Nearly 200 tribes have expressed support and sent delegations to the prayer camp along the Missouri River to help the Standing Rock Sioux ward off the Dakota Access oil pipeline from being routed under the river.
The Yankton Sioux are claiming violations of the National Historic Preservation Act, the National Environmental Policy Act, the Clean Water Act and the Administrative Procedures Act. They are demanding meaningful consultation with the Standing Rock Sioux and other tribes in accordance with the United Nations Declaration on the Rights of Indigenous Peoples.
“The United Nations Declaration reflects what all Native people understand, that our complete world view is based on relationship—relationship with the land, water, and all living things dictates how we conduct ourselves on Mother Earth,” said Faith Spotted Eagle, chairperson for the Ihanktonwan Treaty Steering Committee.
“Those in power only have relationship with themselves and their sources of power; in this case, how much money they can make,” she said. “It is a sad state of affairs, but we will persevere. I pray for those who destroy sacred sites as there are consequences in the natural world.”

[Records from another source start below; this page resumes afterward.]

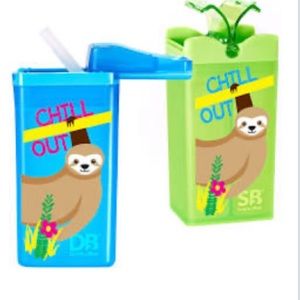 🦥 NWT 👦🏻 DUO • Snack 🍴 & Drink 🥤 • 🦥👦🏻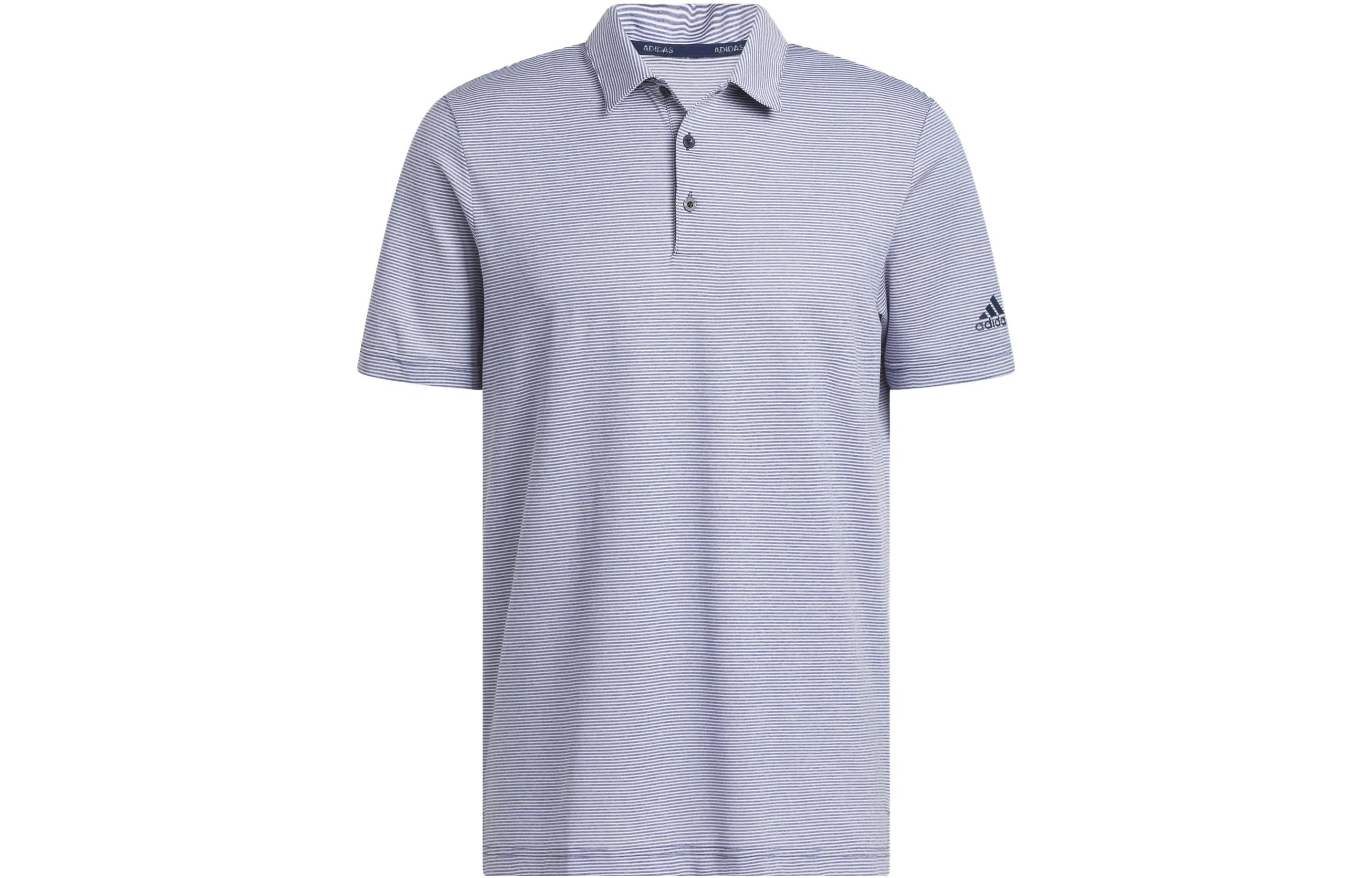 adidas Ottoman Stripe Polo Shirt Polo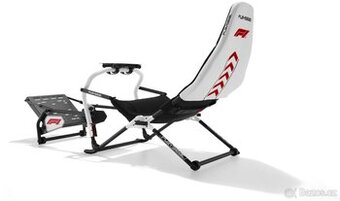 Playseat Challenge DD - F1 Edition (závodní sedačka / kokpit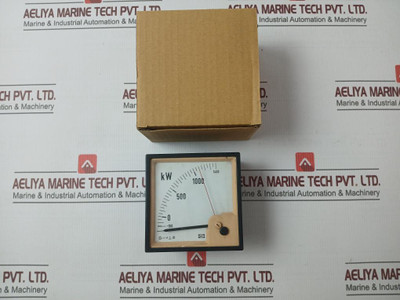 Deif Kilowatt Meter -160 To 1400 Kw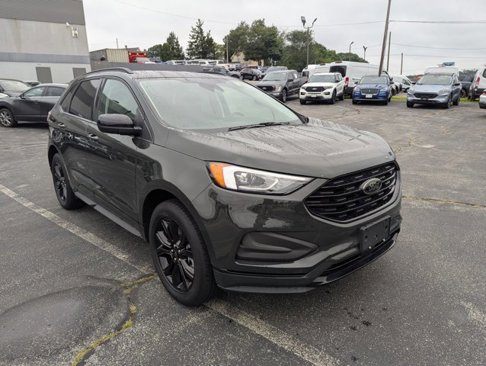 Certified 2023 Ford Edge SE w/ Black Appearance Package image 1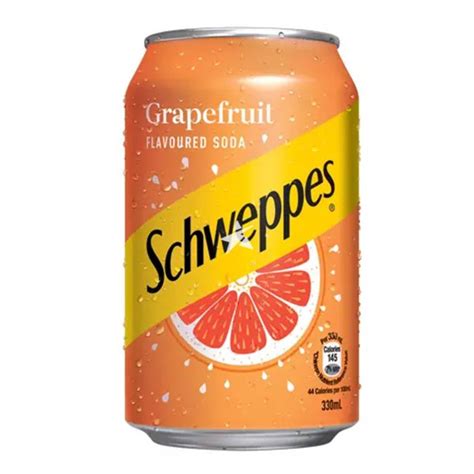 Grapefruit Drink Cola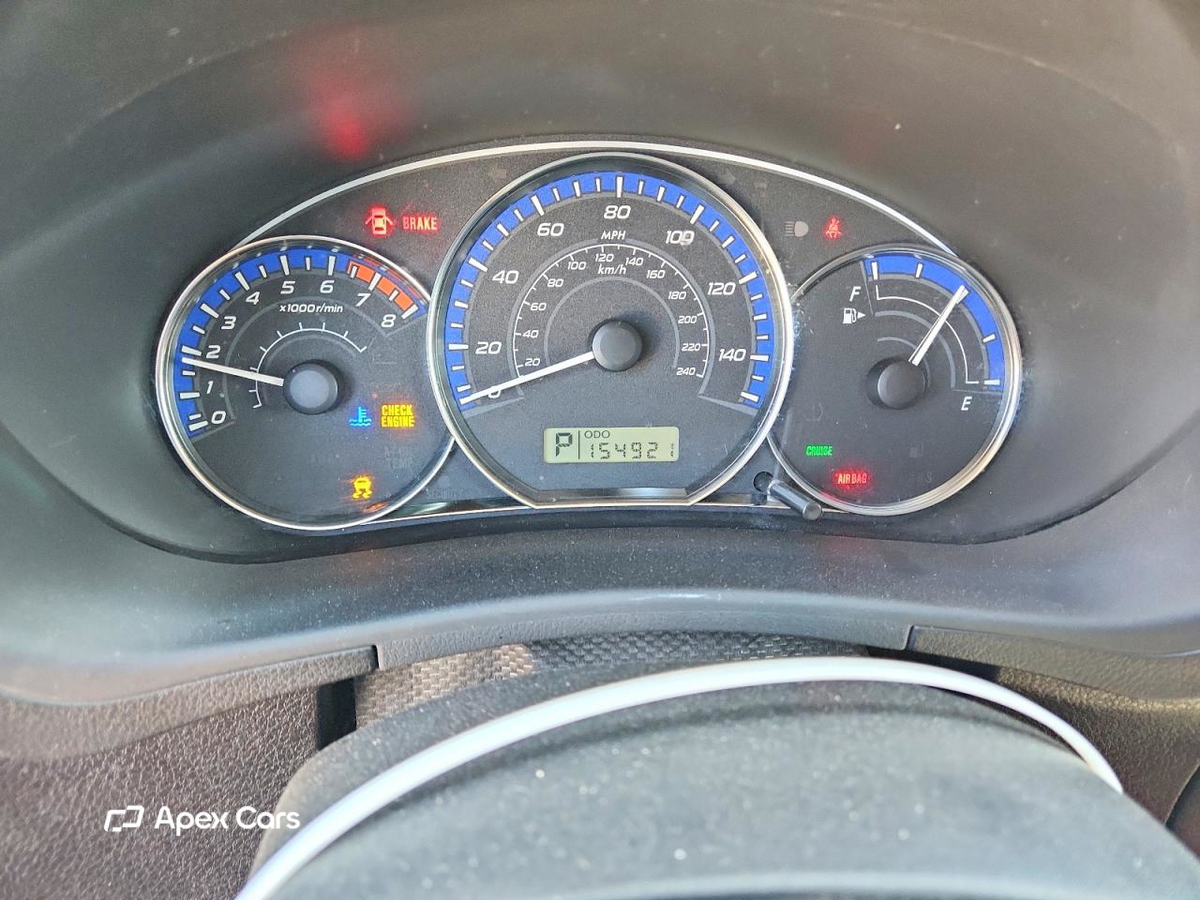 Subaru Forester 2013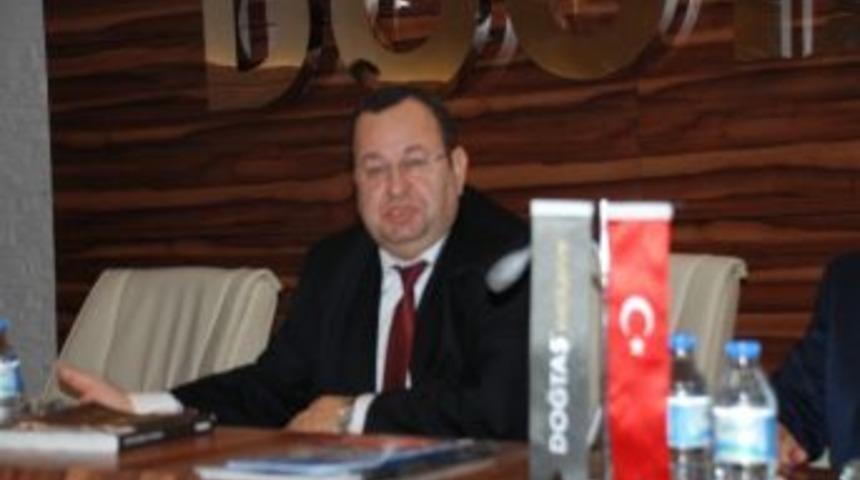 Şadan Doğan Biga Tso'da Başkanlığa Aday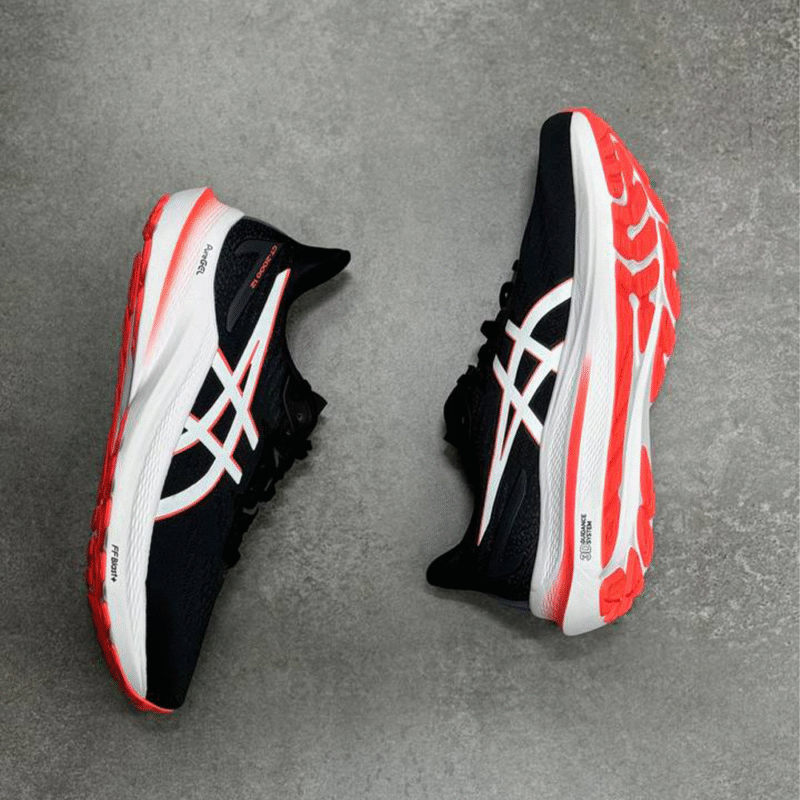 کتونی اسیکس جی تی 2000 12 Asics GT 2000 12 
1011B691 - Image 2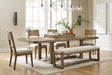 Cabalynn Dining Room Set - Atchison Furniture Company (Atchison, KS)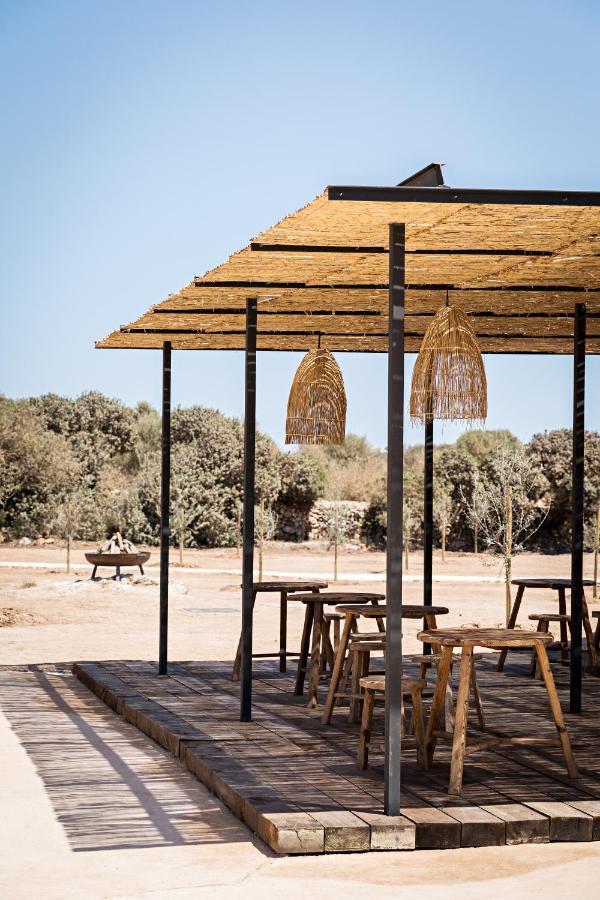 Torre Vella Fontenille Menorca ソン・ボウ エクステリア 写真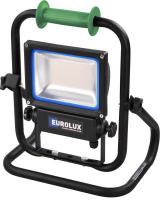 Bouwlamp LED 30 Watt - 24V klasse III op kantelbaar statief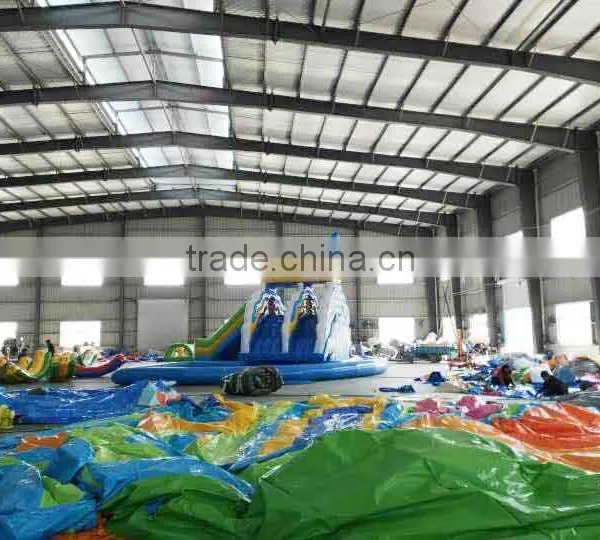 Jumping Castles Inflatable Water Slide,inflatable Vagina Slide photo-6
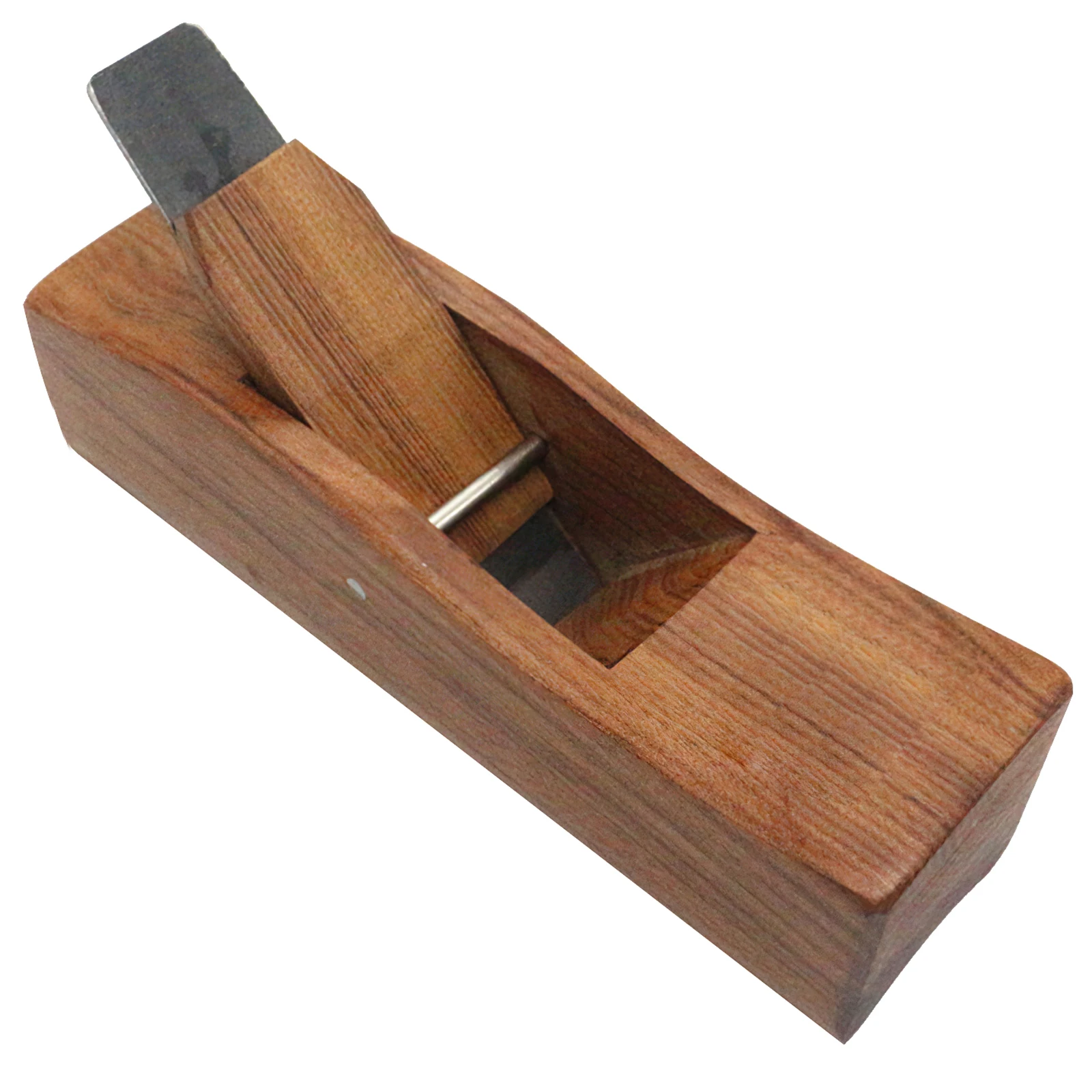 

Portable Wood Smoothing Plane Planer Wood High Speed Steel Strong Strength Professional Lightweight Wood Planer Polishing Tool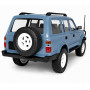 Радиоуправляемый внедорожник LC80 4WD  - WPLD-54-BLUE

The tribe also invoked the 1851 Fort Laramie Treaty, which like the U.N. Declaration, requires “free, prior and informed consent” from Indigenous Peoples on projects affecting their lands, according to official language spelled out in both documents.
The 36-page complaint also refers to places sacred to the Yankton Sioux flanking the James River, which along with the Missouri is among the 200-plus waterways that would be traversed by the pipeline. The complaint states that while Dakota Access LLC maintains that it surveyed the cultural resources along the 1,178-mile-long pipeline route, “these surveys were performed by non-local and non-Yankton consultants hired by Dakota Access LLC who, respectfully, do not possess the cultural knowledge to understand the significance of and in some cases even identify sites.”
The complaint asks for a withdrawal of permits as well as for an injunction forbidding future construction until all consultation protocols have been followed.
“The Corps and FWS failed to act in good faith with respect to the Tribe in their decisions,” the Yankton Sioux complaint said. “Because the Corps and FWS failed to obtain the Tribe’s free, prior and informed consent prior to issuing their decisions to authorize and permit construction of the pipeline, their actions were arbitrary, capricious, abuses of discretion, and not in accordance with law and must be held unlawful and set aside.”